Though the closing of the Carmel of the Holy Face of Jesus comes as a great disappointment to us and to all of you, we need to rely totally on our Faith in God that He is working some marvelous wonders of sanctity through this sudden turn of events. Trusting in the Goodness of God who has provided so bountifully for us these past 5 years, we cannot stop trusting Him now. Trusting in the Lord does not mean that if we pray the right prayer long enough and fervently enough that God will change His mind and let us stay. Trusting in God means believing that God is working through these circumstances to accomplish His loving plan for each one of us and that obeying our superiors will be the best thing for us… even if we don’t understand right now why it has to happen this way. Fortunately, as you have heard from us many times before, our main objective in establishing a monastery here was not just to build a monastic structure for ourselves – we have wanted to build faith in the hearts of individuals, of families and of parishes throughout the diocese of Bismarck and all of you who write and call from across the United States and beyond. This has been our main goal and we will continue to strive to fulfill it just the same, but from a different geographical location. There are no state boundaries where God’s love is concerned. You will ever have a special place in our hearts and prayers. We cannot but marvel at the bounteous Providence of God that we have experienced through the goodness and kindness of each one of you from the very day of our arrival in Hague up to this present moment, and we ask our most loving Father to abundantly reward each one, filling you to overflowing with His choicest blessings, as indeed we know He will.

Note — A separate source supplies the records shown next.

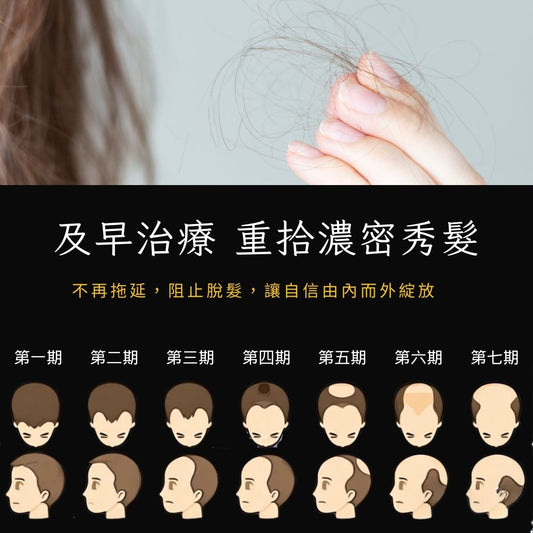 雄性禿頭的7個階段 —— 及早治療,不再拖延!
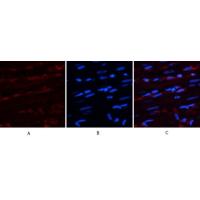 AR Polyclonal Antibody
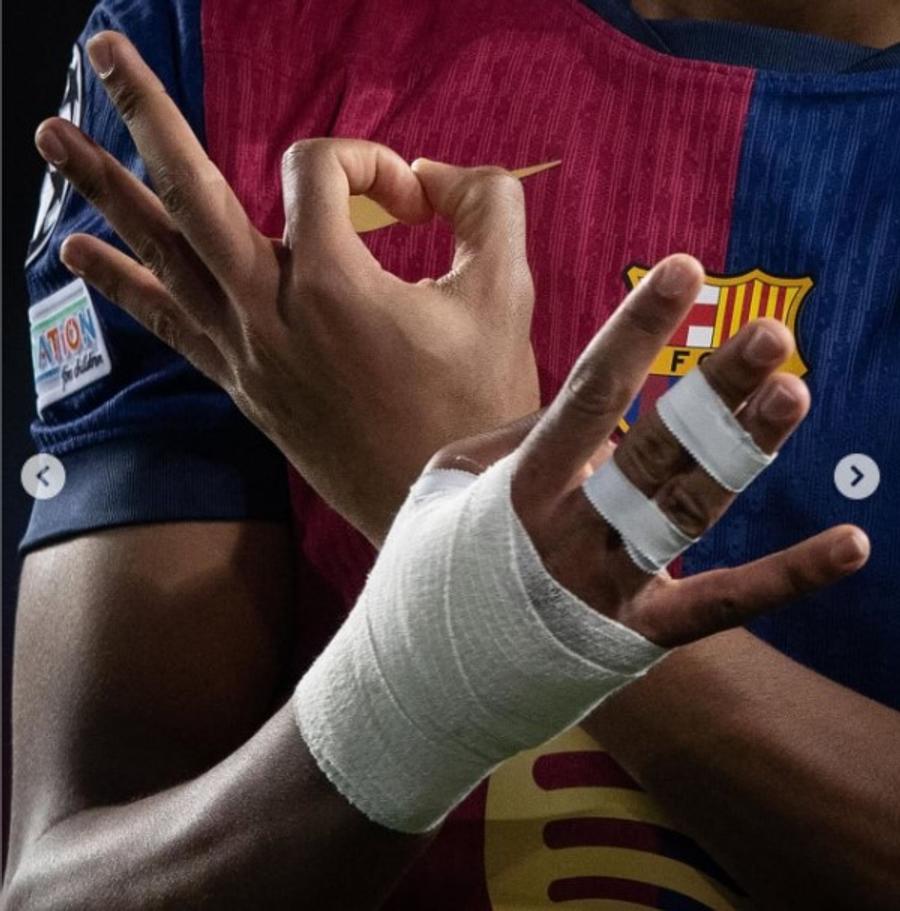 Lamine Yamal unraveled the mystery of the bandage: 
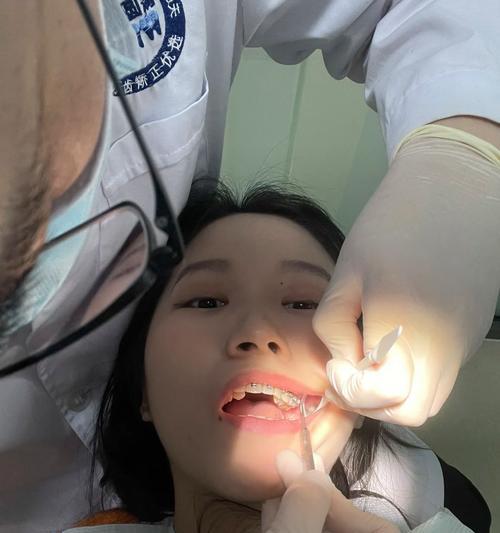 国庆节拔牙作文500字怎么写？（《国庆节的拔牙记》）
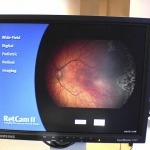 RetCam-II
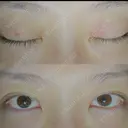 二重埋没 湘南美容クリニック 西葛西院 DAY 2 サムネイル用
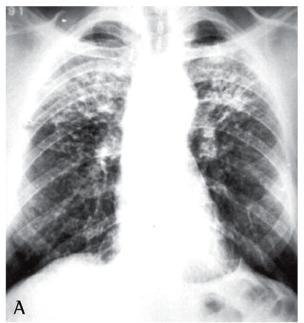 Α/α θώρακος συμβατή με παλαιά TB αγνώστου δραστηριότητας Σε παρουσία συμπτωμάτων,σκέψου ενεργό TB Στείλε 3 πτύελα για καλλιέργειες,μοριακό και ελεγχο ευαισθησίας (πρόκληση-βρογχοσκόπηση για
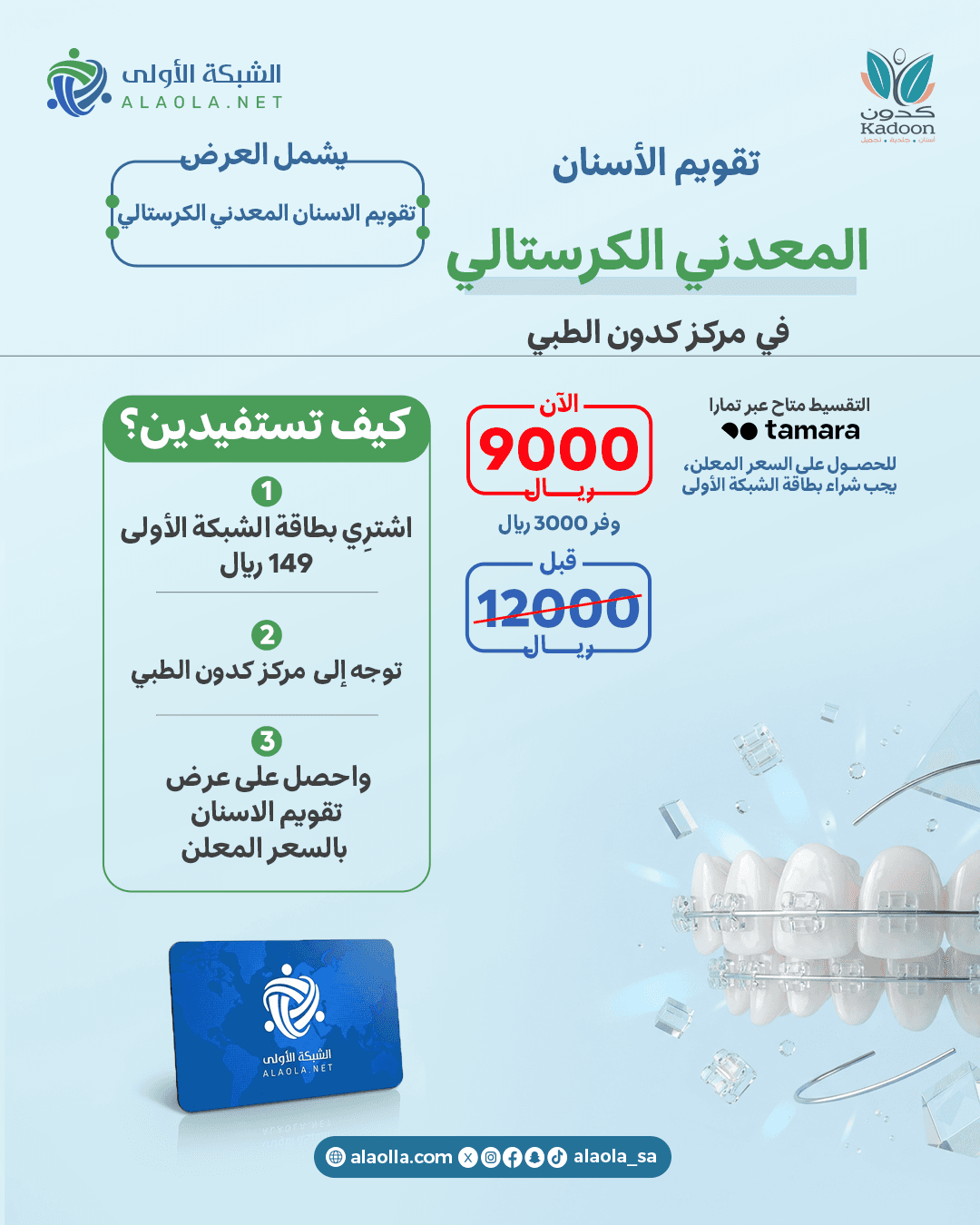 تقويم الاسنان المعدني الكرستالي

There are, of course, a number of practical matters that must be taken care of in this process:

1) Mass stipends: Many people have sent us requests for Masses and our remaining time here will not be sufficient to have them all offered in our Chapel. Any Masses that are left will either be entrusted to our Chaplain, Fr. Leonard Eckroth, or sent to the priest at the Bismarck mission in Kenya.

2) Perpetual Enrollments: Those who have been enrolled in the perpetual prayers of the Sisters of the Carmel of the Holy Face of Jesus will now be added to the enrollment register in the Monastery of Our Mother of Mercy & St. Joseph in Alexandria, S.D., to which we will be returning. Please be assured that those perpetual prayers WILL CONTINUE to be offered!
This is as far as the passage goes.